Mr. Ahmed had been arrested by the Nigerian army on suspicion of helping Boko Haram, but the tears he shed were for his brother, Umaru. The soldiers had shot him dead, he said.The men had been hiding in the mountains outside Gulak, northeastern Adamawa State, when the army advanced with vigilantes in February to recapture the town from Boko Haram.
“The vigilantes said we should come down and nothing would happen to us,” Mr. Ahmed said. “I went back. I stayed in my house for three weeks. Then the soldiers came and blindfolded me and took me to their base.”
He spent four days in a military prison, where he was flogged, and eight days in a police cell in the state capital Yola, before he was released without charge last week.

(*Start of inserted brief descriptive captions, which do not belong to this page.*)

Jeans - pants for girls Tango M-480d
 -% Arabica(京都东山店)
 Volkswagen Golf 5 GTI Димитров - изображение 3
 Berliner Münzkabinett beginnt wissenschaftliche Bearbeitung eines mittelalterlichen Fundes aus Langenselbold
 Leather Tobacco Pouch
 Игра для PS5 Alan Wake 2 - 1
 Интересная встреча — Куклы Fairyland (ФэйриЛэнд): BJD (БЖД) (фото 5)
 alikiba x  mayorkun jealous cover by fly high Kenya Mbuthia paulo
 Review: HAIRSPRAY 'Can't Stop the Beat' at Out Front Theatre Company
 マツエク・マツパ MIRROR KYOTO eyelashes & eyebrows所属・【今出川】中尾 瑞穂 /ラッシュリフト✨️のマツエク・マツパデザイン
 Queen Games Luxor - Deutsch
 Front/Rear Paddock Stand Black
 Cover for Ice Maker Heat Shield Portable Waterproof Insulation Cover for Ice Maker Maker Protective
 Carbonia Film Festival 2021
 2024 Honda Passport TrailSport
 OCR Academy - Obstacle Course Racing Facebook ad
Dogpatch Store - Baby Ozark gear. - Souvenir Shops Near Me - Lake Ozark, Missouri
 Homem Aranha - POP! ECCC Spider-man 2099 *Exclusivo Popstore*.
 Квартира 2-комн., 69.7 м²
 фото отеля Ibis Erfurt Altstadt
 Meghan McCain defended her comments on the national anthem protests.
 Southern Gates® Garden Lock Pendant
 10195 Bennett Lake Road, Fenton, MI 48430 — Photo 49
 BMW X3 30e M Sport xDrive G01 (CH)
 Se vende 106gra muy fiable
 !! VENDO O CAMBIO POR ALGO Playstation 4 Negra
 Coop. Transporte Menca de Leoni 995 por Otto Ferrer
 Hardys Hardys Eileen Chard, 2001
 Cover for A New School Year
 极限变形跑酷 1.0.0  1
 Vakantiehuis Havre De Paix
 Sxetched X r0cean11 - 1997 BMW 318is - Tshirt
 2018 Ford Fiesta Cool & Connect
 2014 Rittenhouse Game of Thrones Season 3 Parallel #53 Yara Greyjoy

His brother, a farmer, had been hiding in another village and had waited longer to come down. His family did not learn that he was dead until a neighbour called last week.
“They said he was trying to get home when he met the soldiers who took him away and killed him,” Mr. Ahmed said.
Nigeria’s armed forces, with help from neighbouring Chad, Niger and Cameroun, have recorded a series of victories in recent months, retaking ground from the insurgents after years of routs and humiliating inertia.
Yet many Muslims who were displaced by the fighting are afraid to go home for fear of harassment from the military or reprisals from their Christian neighbours, who bore the brunt of Boko Haram’s savagery.
Saleh Jibril, who fled to a refugee camp in Yola, said that a friend had found his wife floating in a river with her hands tied behind her back after she tried to hike through the mostly Christian district of Michika, about 20 miles south of their home in Gulak, in March.
Salihi Ateequ, a member of the Adamawa State Muslim Council, said that his sister, Hinidiyatu Tijjani, also went back to Michika soon after it was liberated, to check on their mother who had stayed behind.
“She spent four days in Michika, but as she was coming back she was ambushed,” Mr. Ateequ said.
She was carrying an infant baby on her back. Both were hacked to death with cutlasses.
“The Christians in Michika believe the Muslims invited Boko Haram to come and kill them,” Mr. Ateequ added. “So now it’s vengeance and every Muslim is a target.”
The tensions in Michika predate Boko Haram. The town already had two market days, one on Saturday for Christians and one on Sunday for Muslims. It also had two rival water companies, selling plastic sachets of drinking water. GBM (God Bless Michika) Water was launched in 2012, residents said, because Christians refused to drink, or were unable to buy, the Muslim-owned Kaigama brand.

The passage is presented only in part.